Co-founder and research lead Jason Graham-Nye said that for countries in the southern hemisphere facing the existential climate change crisis, embracing a circular economy, which also creates employment, is a leapfrog opportunity.

“They have done almost nothing to contribute to the problem, and yet they'll be the first to feel the effects of global warming and climate change,” Jason said.

“Our hope with this project is to demonstrate that we can do this at a very low cost to solve three problems at once and get some expansion across the region and have these island nations leapfrog the West, the global North.”

He said the diaper’s design contemplates a circular model, where it not only eliminates diaper plastic waste but also replaces it with nutrient-rich soil within six to eight weeks.

Jason added that this also helps reduce the amount of synthetic fertilisers imported into the South Pacific.

18 women in Sāmoa have gained employment under The Greater Good project. Photo /website/thegreatergood.global.

Going back to traditional ways

Kim said that a “circular economy” is nothing new to countries like Sāmoa and that their product exhibited, compared to harmful Western economic models, that “indigenous wisdom had it right all along”.

“We need to start calling it that because I feel like there's this arrogance in the West that, ‘we're so smart, we've created this new way of living in harmony with nature’.

“I could just imagine all around the world, indigenous cultures looking at us going, ‘what are you talking about? That's how we've done this for 50,000 years’.”

Other waste management programmes, like the Alliance to End Plastic Waste, which committed US$1.5 billion (NZ$2.475b) over five years in 2019 to remove 15 million metric tonnes by the end of 2023, abandoned their ambitious target.

They removed only 119,000 metric tonnes, resulting in around $12,605 per metric tonne of plastic waste removed.

In addition to the need for a circular approach, Kim emphasised the need for preventative measures against climate change rather than reactive measures like recycling, which she says “has proven not to work over the past 40 years, yet it’s where most of the funding goes".

She said the single biggest challenge they faced was funding, where they spent more time on fundraising than focusing on the work.

“The Ocean Cleanup itself, that's an amazing programme, spent about $4,200 a tonne - Our programme is about $215 a tonne.
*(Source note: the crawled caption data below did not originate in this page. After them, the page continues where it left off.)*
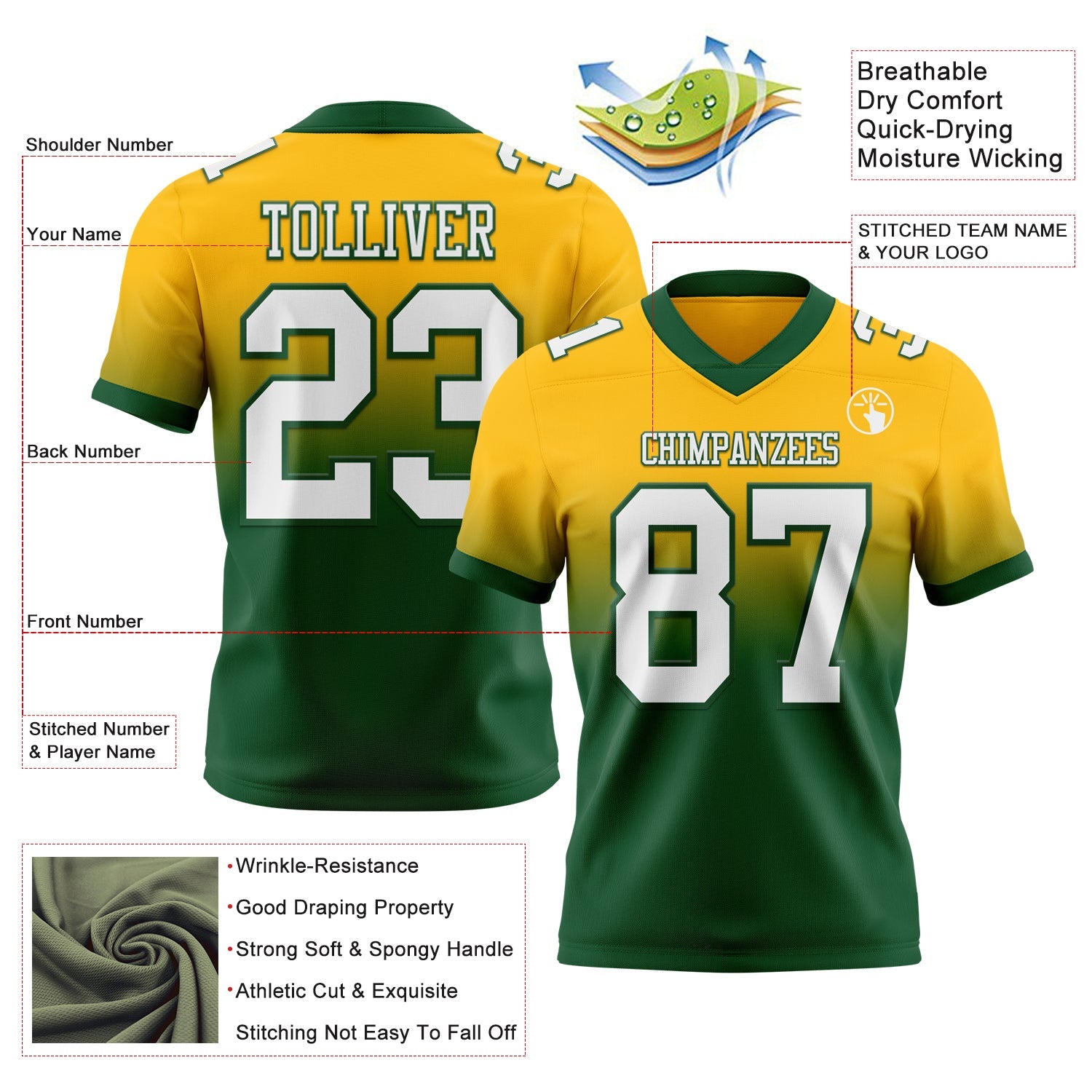 Custom Gold White-Green Authentic Fade Fashion Football Jersey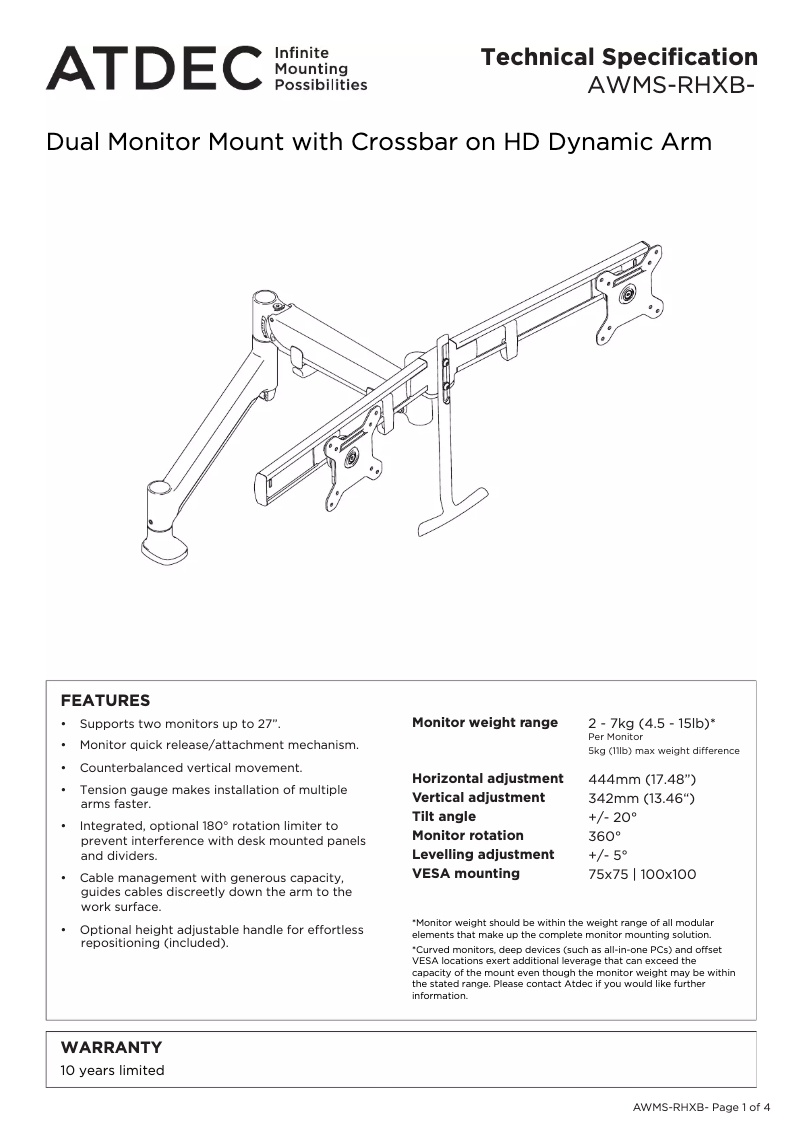 Page n°1 - Manuel utilisateur Atdec AWMS-RHXB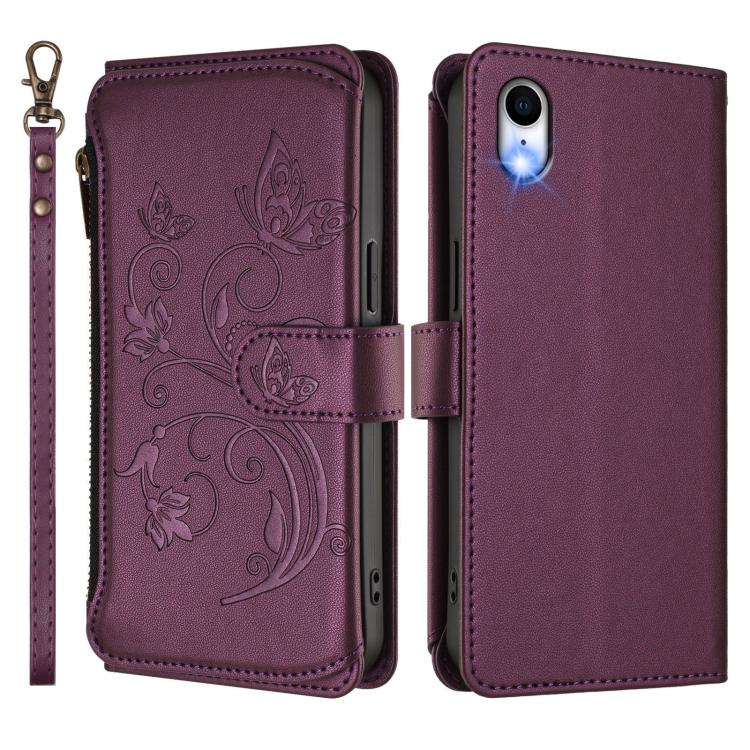 For iPhone XR Butterfly Love Flower Multi-card Zipper Wallet Leather Phone Case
According to The Ocean Cleanup, the Great Pacific Garbage Patch covers an estimated surface area of 1.6 million square kilometers, an area twice the size of Texas or three times the size of France. Photo /Unspash.

“But trying to get governments and agencies and donors to say ‘fund prevention, stop it before it goes in the ocean in the first place’, it's not the way most societies work.

“We tend to not invest in prevention, whether it's our health or any aspect of our societies.”

Looking ahead

The team is discussing with other island nations that are eager to adopt their model, saying that Tuvalu may be next on the list. But there is “excitement” around Vanuatu, which was the first country to ban disposable nappies legally.

“So you've got Vanuatu leading the charge, Tuvalu has also done so much work on getting ready to have a solution come in.

“Because of their size, they might end up being the world's first at this stage. We're hoping, of course, there'll be a little bit of competition so that Sāmoa wants to be first.

“But Kiribati has also been doing a lot of work around limiting just plastic disposable nappies being imported.

“So I think there's excitement around solving this problem and I can't wait for some of these countries to really puff their chest and say they've done it when the global North says it's impossible.”